I should mention that there is another way to get an aerial root at just the point you want it: graft in a seedling or rooted cutting. That takes longer, but provided the graft takes well and without much swelling, it works. I plan to use that method on a Ficus microcarpa this summer, and I'll post pictures when I do. 

Meanwhile, the tropical  trees will be in the Crate for at least two more months. Who knows how many more aerial roots may appear before spring? 

:-)  :-)  :-)

Monday, January 4, 2016

Aerial Roots, Drinking Straws and Snails

     The winter conditions that my tropical trees have in the Crate are of course different from summer conditions outdoors. The two biggest differences are that the light is less intense, tho still adequate for growth; and I keep the humidity a good deal higher. Both those factors encourage aerial roots.

If there is a consistently reliable way to induce a tree to throw an aerial root at a particular point, I don't know what it is. As a rule, the tree initiates a new aerial root somewhere that seems good to it, and the grower has to be ready to encourage and protect the ones that happen to appear where the human wants them!

For any who may not know, one common way to protect a new aerial while it extends down to the soil is to place a piece of drinking straw where the root can follow it down. This maintains high humidity right around the root and serves as a warning to the grower: "Caution! Don't bump!" Since aerial roots are very fragile until they anchor and start to lignify, such reminders are very useful.

A couple of weeks ago one of my willow-leaf figs (Ficus salicaria) initiated a new aerial root very close to a point where I'd been hoping for one. I positioned a piece of drinking straw to protect and guide it, and after a few days noticed that the growing root (which has now reached the soil surface) is visible thru the plastic.

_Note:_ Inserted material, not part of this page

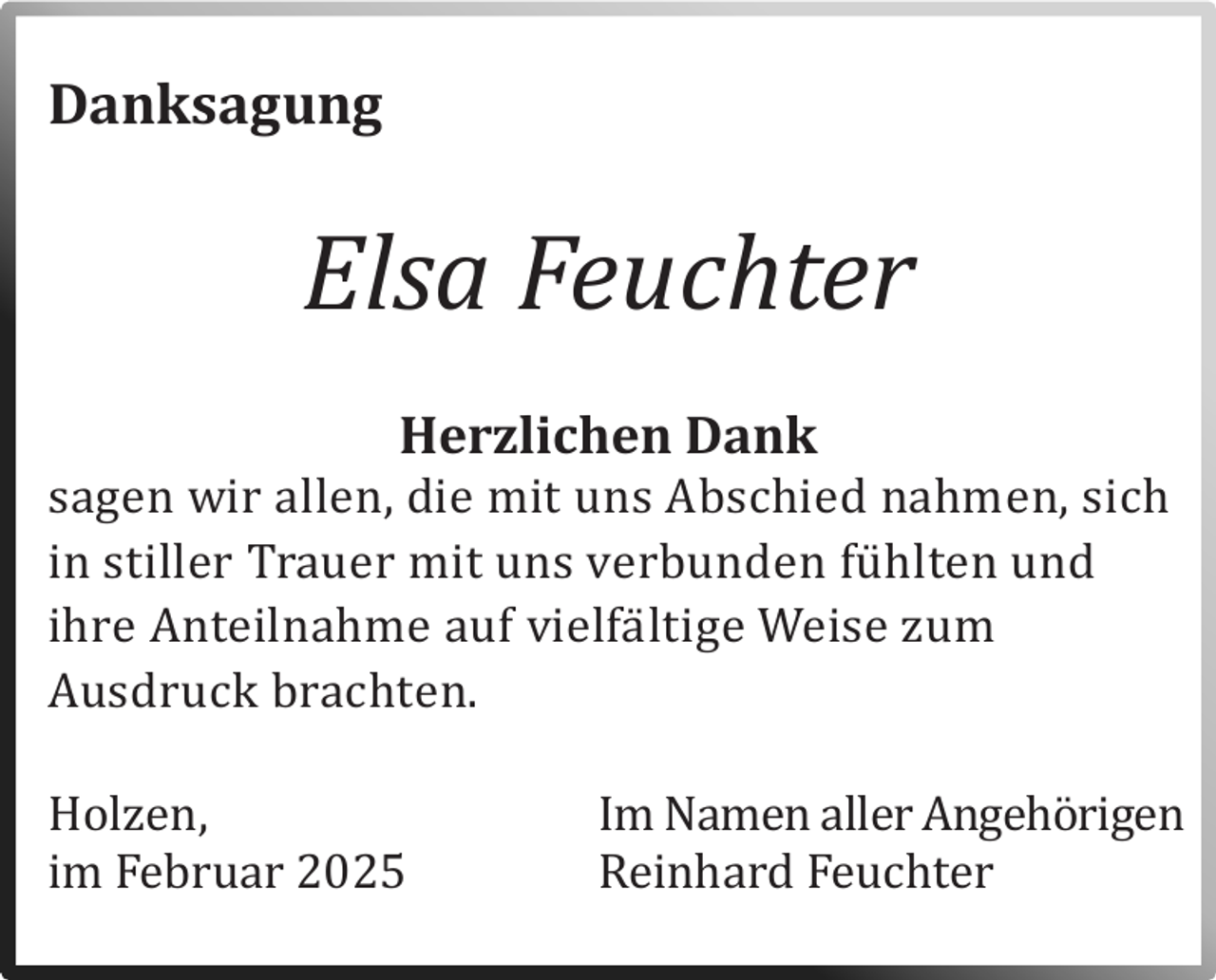 <p>Danksagung</p><p>Elsa Feuchter<br />Herzlichen Dank</p><p>sagen wir allen, die mit uns Abschied nahmen, sich<br />in stiller Trauer mit uns verbunden fu hlten und<br />ihre Anteilnahme auf vielfa ltige Weise zum<br />Ausdruck brachten.</p><p>Holzen,</p><p>Im Namen aller Angehorigen<br />im Februar 2025<br />Reinhard Feuchter</p>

I decided to take a few pictures tonite.

The aerial root shows as a somewhat indistinct dark line.

You'll notice a light-blue arrow to the right of the straw. That points to a snail; more on it in a moment.

A closer view of root, straw and snail. You can see the root's initiation point just above
the top of the straw.
This is the fifth snail of this species that I've found around the roots of this willow-leaf within the last two weeks. Snails also find the high humidity and less-intense light in the Crate congenial. But since they feed on living plant tissue as well as dead, I remove them.

This species' shells are about the same diameter as the drinking straw from McDonald's;
less than 1/4-inch (around 6 mm.)

While I disposed of another (sixth) snail I noticed, this one poked out its head and started for home. I don't know how it knew which direction to go. Perhaps it could smell the tree; perhaps it sensed the humidity in the substrate; perhaps it detected the shadows among the roots. I'm afraid it didn't get very far.

It actually looks rather elegant, all in black. But not elegant enough.